Anwalt Gabriel Lansky hat Pech. Anna Politkowskaja lebt nicht mehr. Die mutige russische Journalistin und unbestechliche Kritikerin des Zweiten Tschetschenien-Kriegs und der autokratischen Politik in ihrer Heimat wurde am Geburtstag Putins vor acht Jahren, am 7. Oktober 2006, erschossen. Politkowskaja könnte Lansky am besten erklären, warum er mit der Stoßrichtung seines Kommentars "Sanktionen sind kein Politikersatz" (DER STANDARD, 26.9.) danebensticht, auch wenn er manche Problemfelder - Beispiel Nato-Erweiterung ohne Wenn und Aber - richtig ins Visier nimmt. Lansky verspottet das EU-Sanktionenregime gegen Russland "als Placebo für eine aus dem Ruder gelaufene europäische Politik der östlichen Nachbarschaft" und als "politisch falsch und ökonomisch kontraproduktiv" .

Ich unterstütze in dieser Frage die Position von Politkowskaja, die schon lange vor Ukraine- und Krim-Krise geklagt hatte: "Ich gebe zu, dass mich Depressionen befallen, wenn ich sehe, wie Europa sich Putins Russland gegenüber verhält. Es erinnert fatal an die Jahre des Kommunismus, an das altbekannte menschenverachtende Prinzip: Soll es dort ruhig einen Eisernen Vorhang geben, soll dort Tyrannei herrschen, solange wir uns nur heraushalten können und davon unbeschadet bleiben, solange Erdöl und Erdgas nur schön weiter zu uns fließen."

Das Heraushalten Europas war es, das die europäische Russin am meisten geärgert und wohl auch gekränkt hat. Das Heraushalten, um nicht wirtschaftliche Vorteile zu gefährden. Das Heraushalten, damit nur ja die Pipelines in die eine Richtung offen bleiben und der Rubel in die andere Richtung rollt. Denn es greift ja viel zu kurz, die aktuelle EU-Sanktionspolitik nur auf die Vorgänge in der Ostukraine und auf der Krim zu beschränken.
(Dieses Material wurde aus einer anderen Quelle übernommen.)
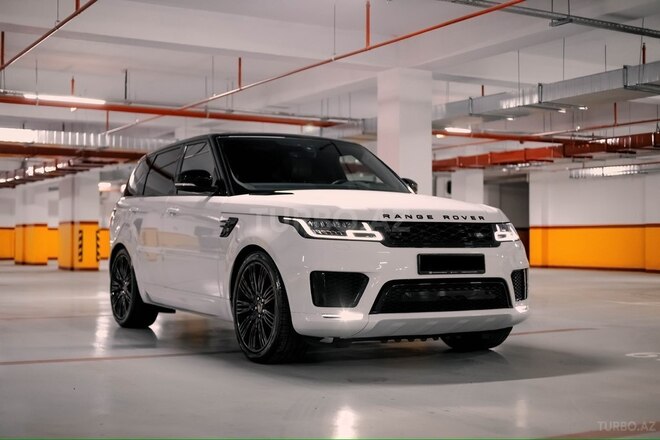 Land Rover RR Sport 2021, 27,000 km - 3.0 l - Bakı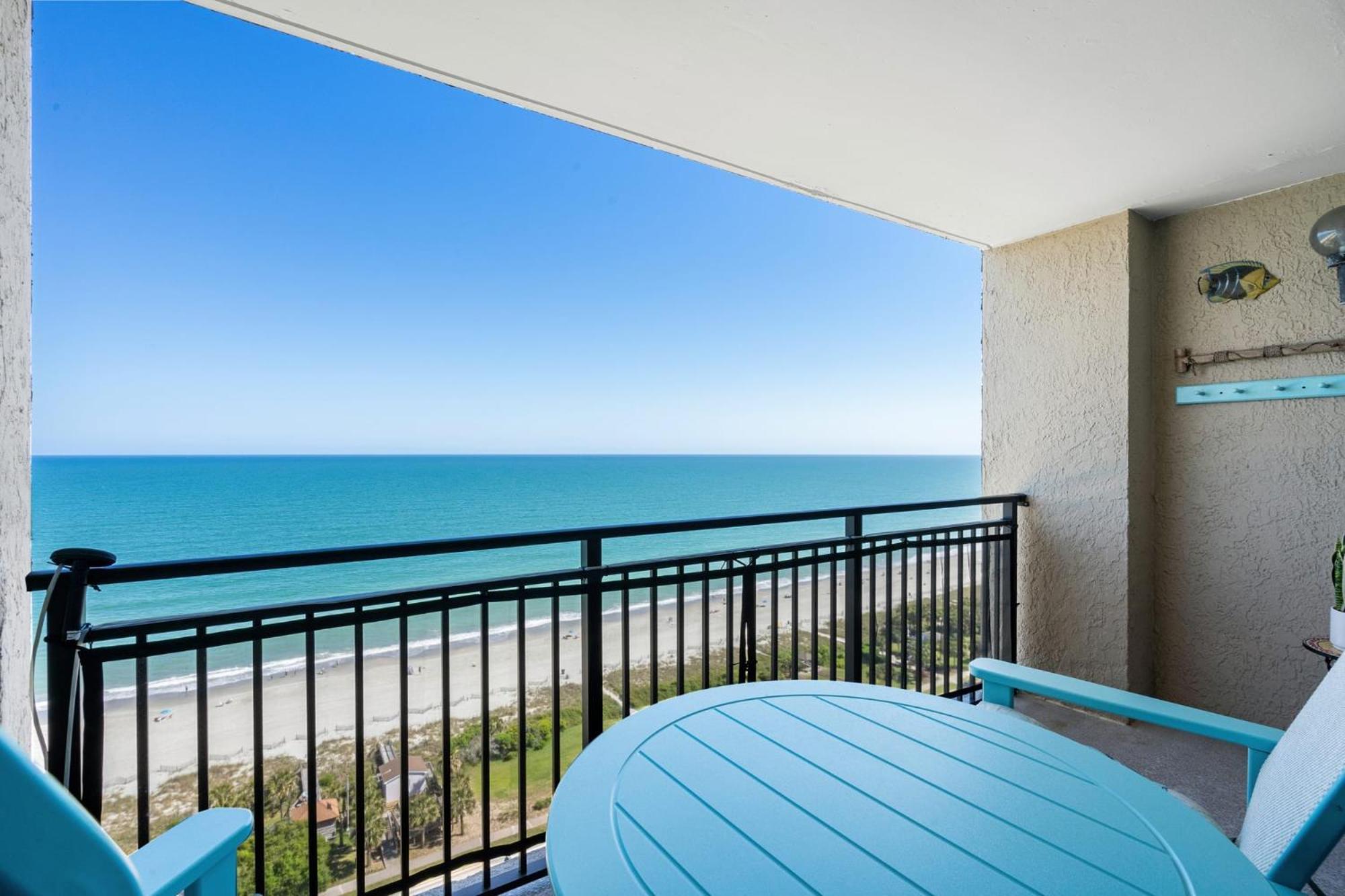 Ocean Forest Plaza Cozy Oceanfront Unit 1910 默特尔比奇 外观 照片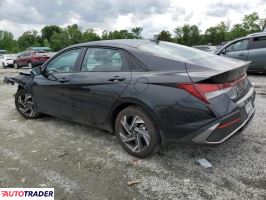 Hyundai Elantra 2025 2 Hyundai Elantra 2025 2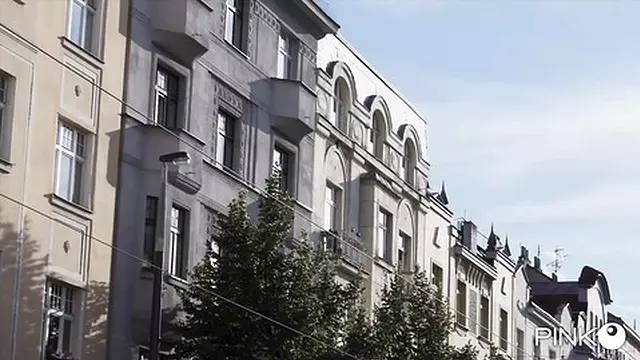 Eveline Dellai Craves Huge &mdash;  Black Dicks In Her Asshole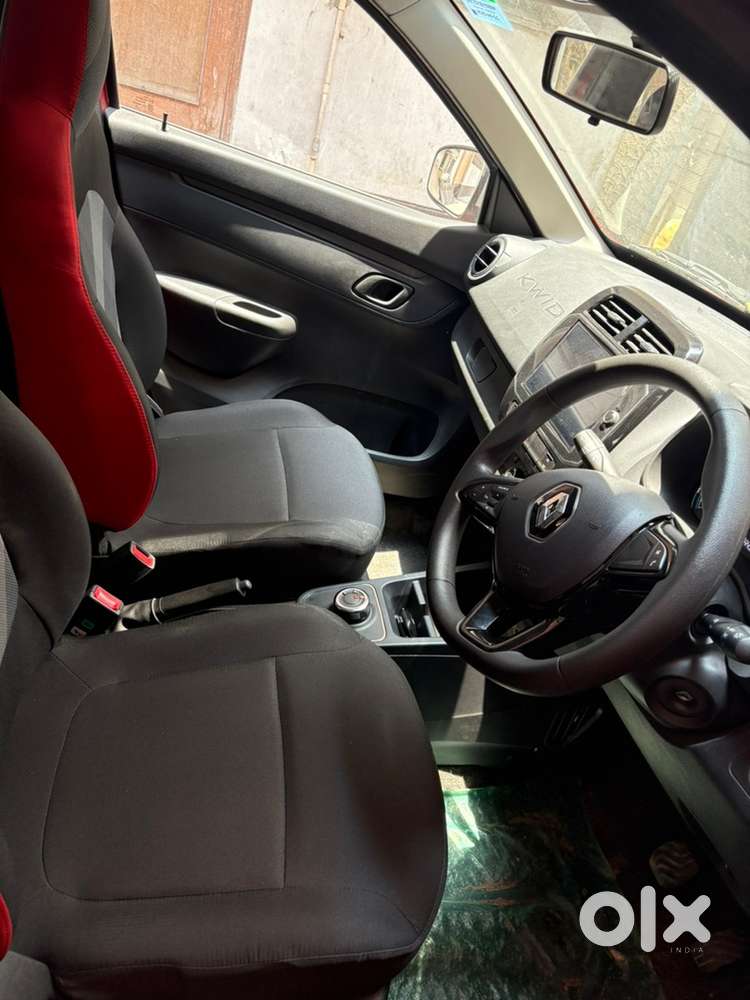 Renault Kwid Petrol 2023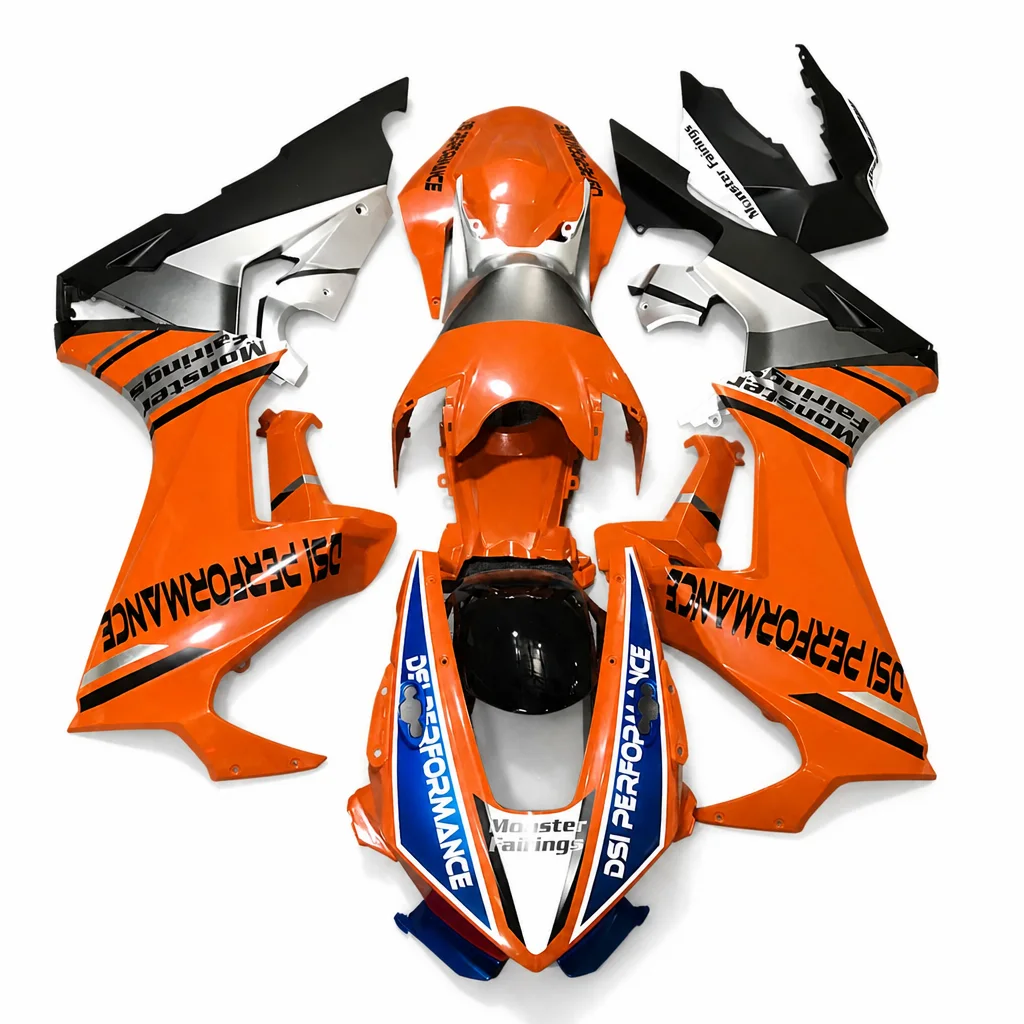 Fairing set Honda Cbr 1000RR 2017-2019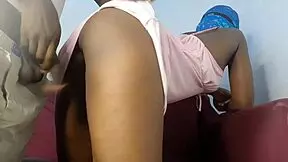 i'm the masked prostitute showing off my natural tits and big ass for you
Das Russland-Problem, oder genauer, das Putin-Problem beschäftigt die EU ja nicht erst seit diesem Frühjahr und Sommer - auch wenn es viele, vor allem in Österreich, nicht wahrhaben wollten und glaubten, mit einem Olympia-Schnapserl in Sotschi oder guter Miene zum bösen Spiel bei Putin-Empfängen in Wien lassen sich tiefgreifende politische Auffassungsunterschiede zu Menschen- und Minderheitenrechten, zu Grundrechten wie der Medienfreiheit oder dem Umgang mit Oppositionellen einfach wegprosten und wegschunkeln.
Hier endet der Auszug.